#!/usr/bin/env python3
import struct
a = [1.3, 2.1, -0.5] # initialize data
L = 2095 # total length
i = 0
while len(a)<L:
if abs(a[i]) > 2.0 or abs(a[i+1]) > 2.0:
a.append(a[i]/2)
i += 1
else:
a.append(a[i] * a[i+1] + 1.0)
a.append(a[i] - a[i+1])
a.append(a[i+1] - a[i])
i += 2
f = open("out_reproduced.bin","wb") # save in binary
f.write(struct.pack('d'*L,*a)) # use IEEE 754 double format
f.close()
Then one can check that the produced file is identical:
edit: How I found the solution: I found some of the other comments helpful, especially from gjm (although I did not read all). In particular, interpreting the data as a sequence of 64-bit floating point numbers saved me a lot of time. Also gjm’s mention of the pattern a, -a, b, c, -c, d was an inspiration.
If you look at the first couple of numbers, you can see that they are sometimes half of an earlier number. Playing around further with the numbers I eventually found the patterns a[i] * a[i+1] + 1.0 and a[i] - a[i+1].
It remained to figure out when the a[i]/2 rule applies and when the a[i] * a[i+1] + 1.0 rule applies. Here it was a hint that the numbers do not grow too large in size. After trying out several rules that form bounds on a[i] and a[i+1], I eventually found the right one.
I was delighted to see someone else put forth an challenge, and impressed with the amount of people who took it up.
I’m disappointed though that the file used a trivial encoding. When I first saw the comments suggesting it was just all doubles, I was really hoping that it wouldn’t turn out to be that.

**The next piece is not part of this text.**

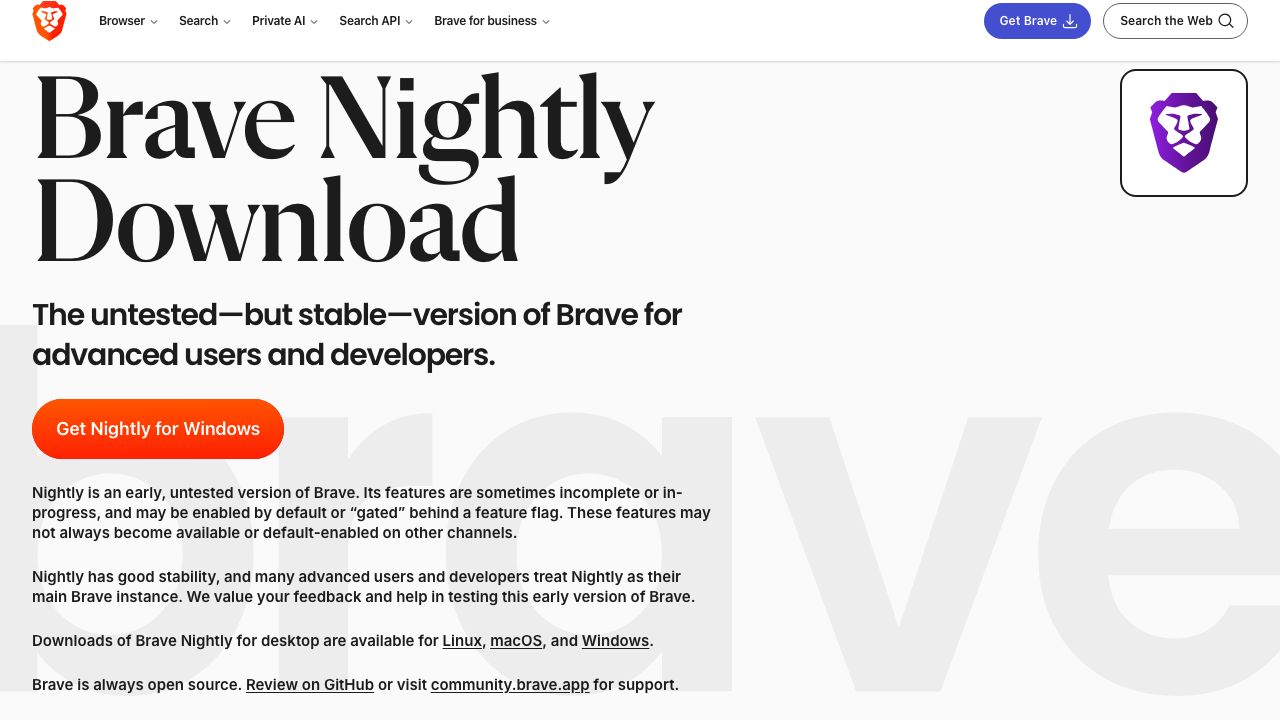 Brave Nightly official website preview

I think maybe where the disconnect is occurring is that in the original That Alien Message post, the story starts with aliens deliberately sending a message to humanity to decode, as this thread did here. It is explicitly described as such:
From the first 96 bits, then, it becomes clear that this pattern is not an optimal, compressed encoding of anything. The obvious thought is that the sequence is meant to convey instructions for decoding a compressed message to follow...

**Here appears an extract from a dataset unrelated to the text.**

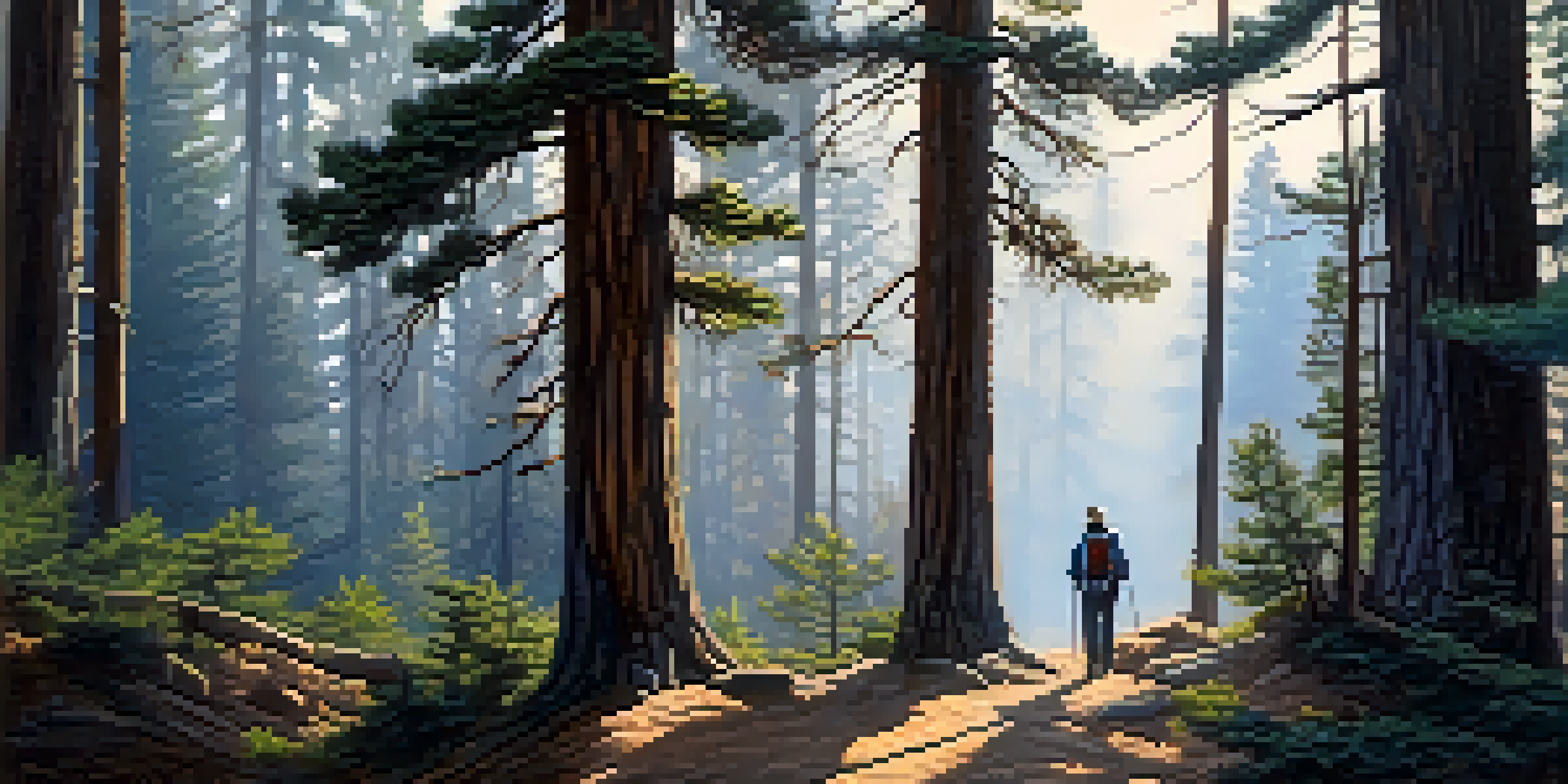 A hiker navigating through a foggy pine forest on the Haunted Pines Trail, with eerie lighting and shadows.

But when I argued against the capability of decoding binary files in the I No Longer Believe Intelligence To Be Magical thread, that argument was on a tangent—is it possible to decode an arbitrary binary files? I specifically ruled out trivial encodings in my reasoning. I listed the features that make a file difficult to decode. A huge issue is ambiguity because in almost all binary files, the first problem is just identifying when fields start or end.
I gave examples like
Camera RAW formats
Compressed image formats like PNG or JPG
Video codecs
Any binary protocol between applications
Network traffic
Serialization to or from disk
Data in RAM
On the other hand, an array of doubles falls much more into this bucket
data that is basically designed to be interpreted correctly, i.e. the data, even though it is in a binary format, is self-describing.
With all of the above said, the reason why I did not bother uploading an example file in the first thread is frankly because it would have taken me some number of hours to create and I didn’t think there would be any interest in actually decoding it by enough people to justify the time spent. That assumption seems wrong now! It seems like people really enjoyed the challenge. I will update accordingly, and I’ll likely post my example of a file later this week after I have an evening or day free to do so.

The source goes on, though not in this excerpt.